Efforts at understanding nature through the processes of science are called avidya. Normally, schools focus on this kind of learning, that is, avidya, and miss out on a very important aspect of learning, that of the ‘inner being’.

This knowledge of the world within us and how it works is called vidya. There are many questions within us: why we are happy when we are happy, why we are angry when we are angry, etc. This ‘why’ of the inside world is called vidya.

Vidya means creating an environment within us to enable us to absorb avidya. As we all know, we have an infinite capacity to absorb information. Vidya creates that space within, through the process of samadhi (taught in SSY), which will allow our child to absorb infinite information from the outside world.

This can happen through a continuous cleansing of the inside mind. Both these forms of education must go hand in hand: taking in information, registering it inside, storing it in the subconscious, cleaning the blackboard (i.e., the mind) and then taking in more information and repeating the process time and again, all the time.

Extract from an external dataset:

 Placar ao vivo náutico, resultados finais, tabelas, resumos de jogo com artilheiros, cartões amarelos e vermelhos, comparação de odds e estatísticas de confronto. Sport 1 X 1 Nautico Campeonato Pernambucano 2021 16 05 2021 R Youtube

Let us take the sea as an example. Suppose we pour one glass of pure water into the sea, followed by more and more glasses of pure water; all of it becomes one with the sea. This outside glass of water is avidya — the knowledge of how the world works.

The sea represents us, and as we go on taking in knowledge, the two merge; but we can absorb it only if we are clear; our mind should be clear and ready to receive. This is facilitated by vidya.